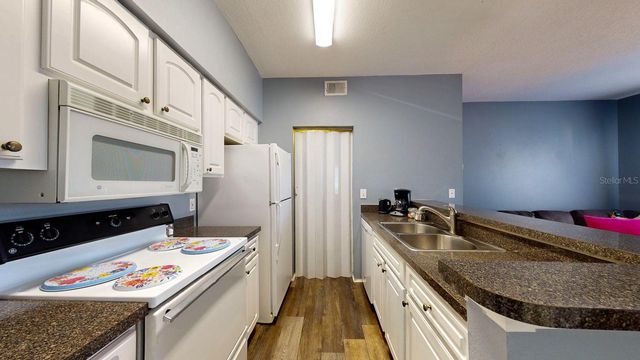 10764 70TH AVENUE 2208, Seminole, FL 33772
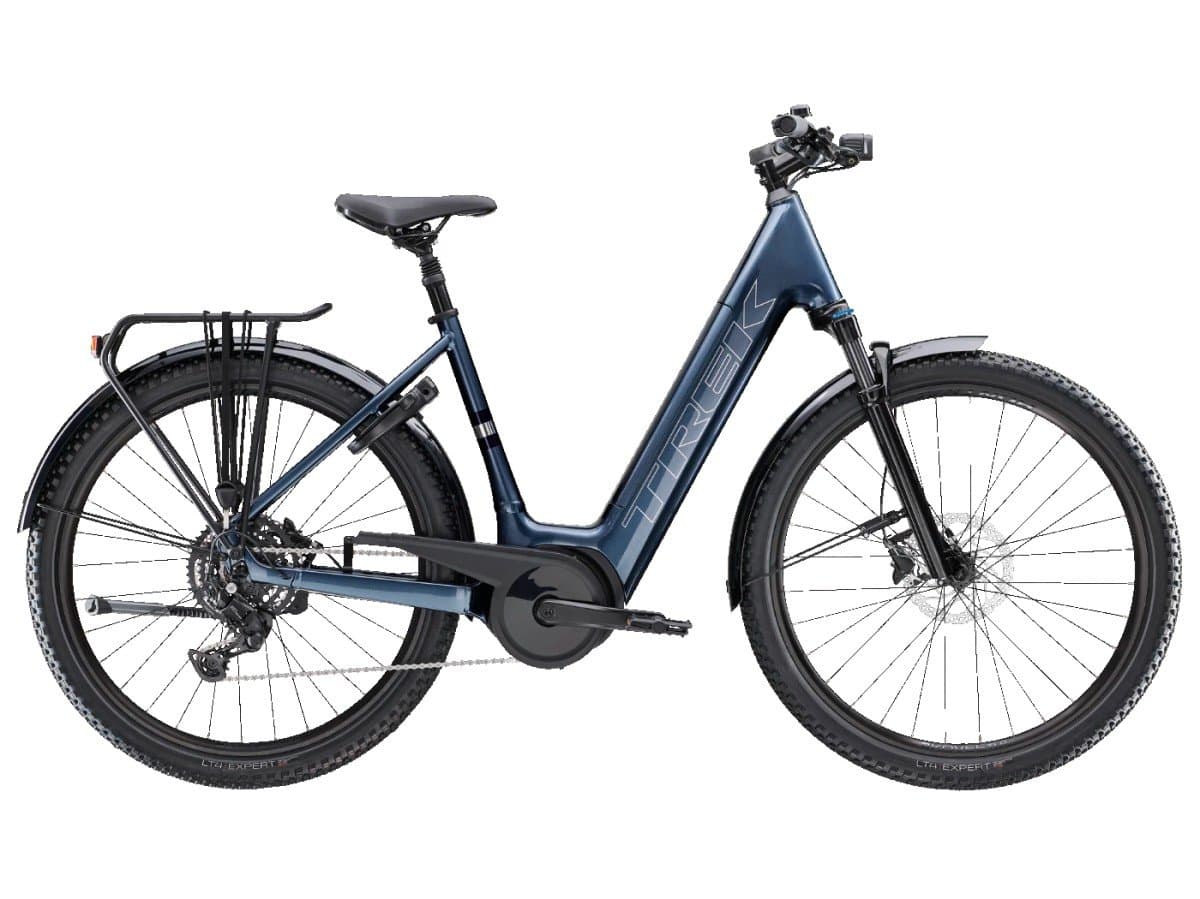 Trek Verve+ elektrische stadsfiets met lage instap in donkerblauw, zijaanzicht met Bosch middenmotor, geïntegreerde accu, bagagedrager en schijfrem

== == ==

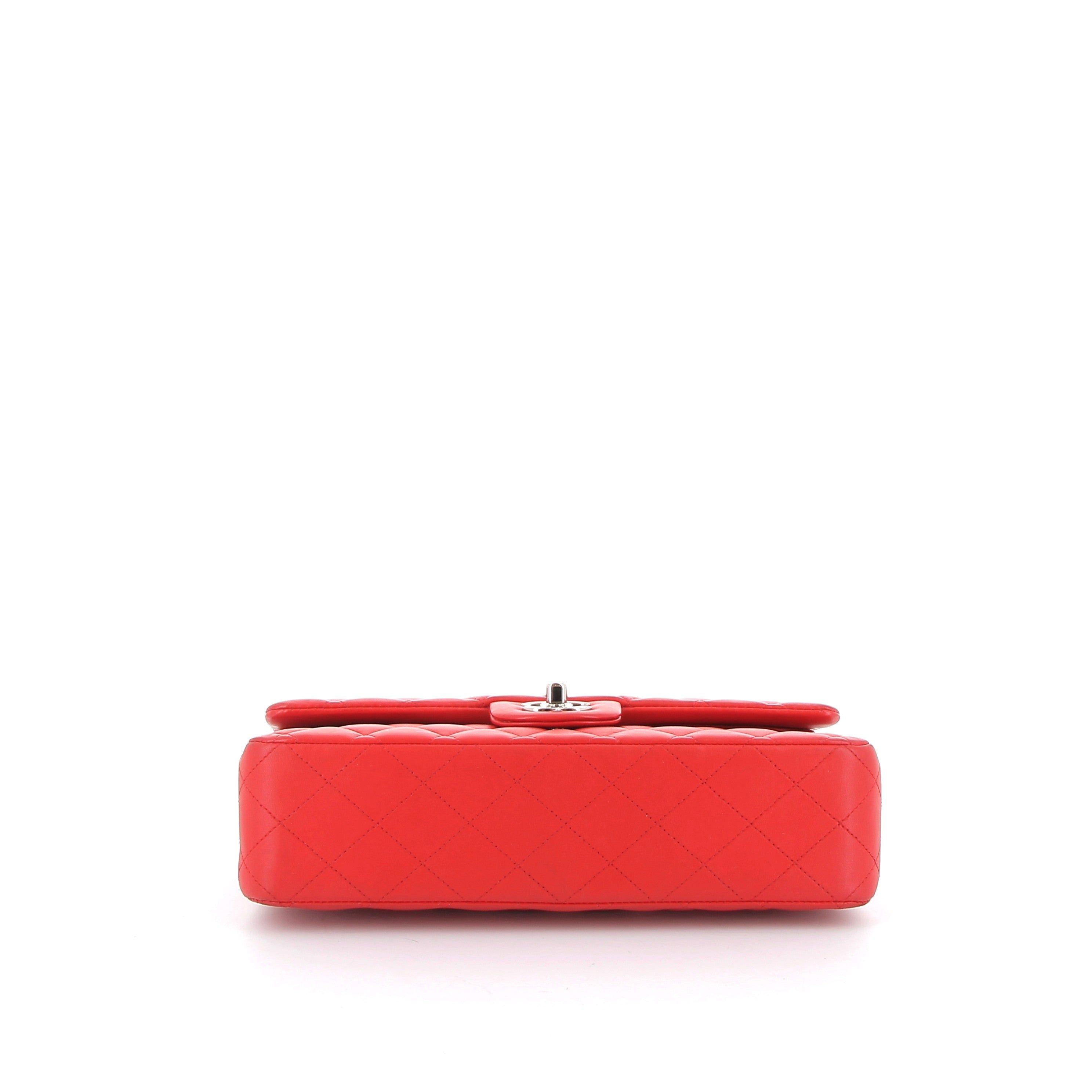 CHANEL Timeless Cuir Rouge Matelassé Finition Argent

== == ==

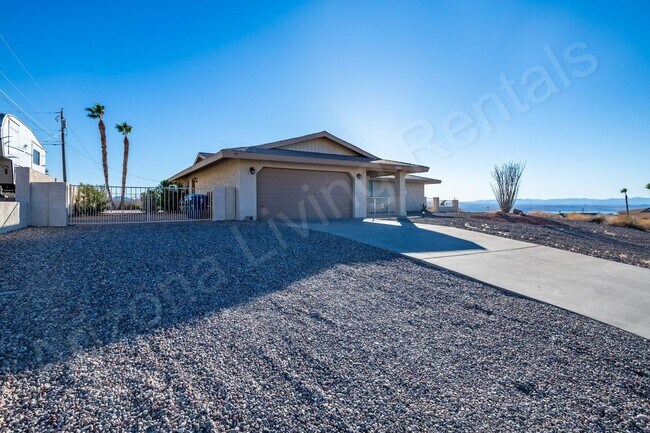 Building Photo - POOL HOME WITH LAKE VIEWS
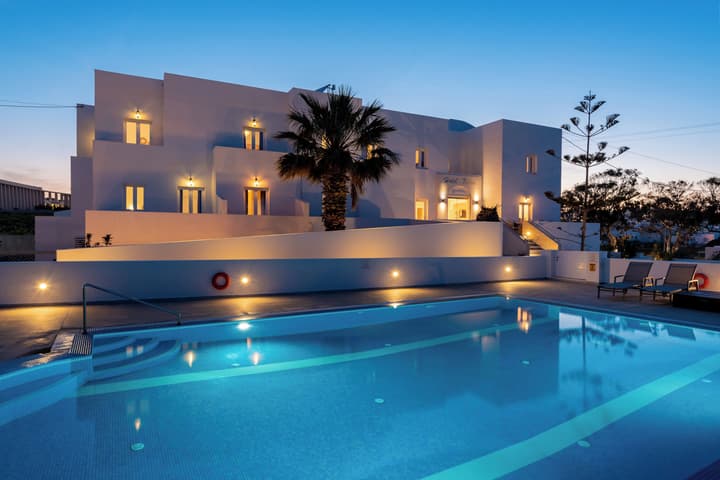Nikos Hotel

== == ==

* _ACTION ITEM_:
All lines above from the one containing "10764 70TH AVENUE 2208, Seminole, FL 33772" up to and including the one containing "Trek Verve+ elektrische" are to be set down exactly, and nothing else. Leave images out.

* _SOLUTION FOR THIS TASK_:
 10764 70TH AVENUE 2208, Seminole, FL 33772
 Trek Verve+ elektrische stadsfiets met lage instap in donkerblauw, zijaanzicht met Bosch middenmotor, geïntegreerde accu, bagagedrager en schijfrem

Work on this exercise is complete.